Equestrian sports rookie? Our horse riding equipment list starts you off on the right hoof.
Getting started in horseback riding can be both exciting and overwhelming. I still remember my first visit to the local farm store, staring wide-eyed the bright colored halters, fun saddle pads, and tie dye leg wraps, unsure what to buy.
While it may be tempting to grab everything that catches your eye and start purchasing immediately, you might find yourself with an empty bank account and a long list of items you still actually need.
In this article, we break down the must-have and nice-to-have horse gear for beginners.
If you want to get a better sense of what horses cost, check out our monthly horse expense reports. Learn exactly what we spend–down to the dollar.
Thanks to Sarah Harris for our feature photo!
Before you move on to the fun stuff, your first priority should be picking solid safety equipment that you use every time you ride.
We always recommend being fitted by a professional to make sure the gear you purchase fits correctly and keeps you safe.
- For English riding, go ahead and purchase a fun helmet now. If you decide to show later, inexpensive helmet covers are a great option for beginners or you can upgrade to a dedicated show helmet.
- For Western riding, there are helmets designed to look like cowboy hats and standard helmets with beautiful leather detailing.
- See our favorite english and western helmets on our Riding Essentials Amazon List.
- Check out our 9 best helmets for hot weather.
- Body protectors are basic vests designed to help absorb the shock of a fall and protect internal organs.
- Air vests are innovative safety vests that inflate via CO2 in the event of a fall to provide superior cushion and stability across your neck and sides.
We love Hit Air Vests so much we wrote an entire article about them! Check out our Equestrian Hit Air Vest Review: My Favorite Fall in 30 Years.
Riding: Clothes & Shoes
We will cover the basics for lessons here, but once you get more involved in the sport, a whole new world of options opens up!
- Be sure to buy a pair of boots that are intended to be used for horseback riding to ensure they provide the ankle stability you need and have the right amount of traction for your stirrups.
- For English riding, you can choose to purchase paddock boots and half chaps or full boots.
- For Western riding, a pair of cowboy boots is the standard choice.
- For English riding, a pair of breeches. (At least one pair in a classic khaki color.)
- For Western riding, jeans that fit well and have a skinnier leg are ideal. They should have some stretch and minimal seams to keep you comfortable.
- Any well fitting top that is weather appropriate is a good option for lessons.
- If you find the reins rub your hands, or you simply want a better grip, invest in a pair of riding gloves.
What you wear impacts how you ride. Check out our article about What to Wear Horseback Riding (With Pictures).
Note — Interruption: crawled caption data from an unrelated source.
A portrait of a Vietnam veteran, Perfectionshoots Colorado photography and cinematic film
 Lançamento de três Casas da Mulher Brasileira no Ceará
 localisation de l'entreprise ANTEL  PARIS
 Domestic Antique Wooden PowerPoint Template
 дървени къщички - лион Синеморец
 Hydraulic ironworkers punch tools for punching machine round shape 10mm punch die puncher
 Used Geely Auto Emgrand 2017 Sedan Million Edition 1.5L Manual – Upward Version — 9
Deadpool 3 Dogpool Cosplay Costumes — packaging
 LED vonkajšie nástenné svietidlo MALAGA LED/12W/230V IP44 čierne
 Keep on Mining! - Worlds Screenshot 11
The style of tack you purchase will be dependent on whether you ride English or Western, but the basic items will remain the same.
Tack needs to fit the horse correctly, so wait until you have your horse before buying these items, then work with an experienced rider or instructor to find the perfect fit for your horse.
If you are riding a lesson horse and do not own one, these items will most likely be provided by the owner.
- Bit (Read our review of the Herm Sprenger Turnado bit.)
- Saddle Pad (Read about best saddle pads for trail riding.)
- Saddle Accessories
- Stirrup Leathers
- Stirrup Irons
- Lead rope
New to horse riding? Check out our step-by-step guide about How to Ride a Horse for Beginners (Basics, Safety, Mistakes).
Your horse should be groomed before and after each ride.
This helps to keep your horse healthy and comfortable during your rides and also gives you the opportunity to look over your horse for any injuries, swelling, or issues that may need addressing.
- Curry Comb
- Hard Brush
- Soft Brush
- Mane and Tail Brush
- Shampoo and Conditioner
- Hoof Pick
- Shedding Blade
- Sponges and Cloths
- Fly Spray (Check out our 14 best fly sprays (homemade and brand name.)
You can make things easier on yourself by buying a ready-made grooming kit at Amazon.
Feeding & Care
Depending on whether your horse is at home or at a boarding barn that provides self-care, partial or full service, you may need to provide all (or none) of these items.
- Buckets for water and food
- Treats (Please!)
- Food of choice (Read about common types of hay.)
- Water Heater or Heated Bucket/Trough, if weather reaches freezing temps
- Outdoor Broom
- Manure Fork
- Horse Blanket
- Fly Sheet (Check out our 14 best horse fly sheets.)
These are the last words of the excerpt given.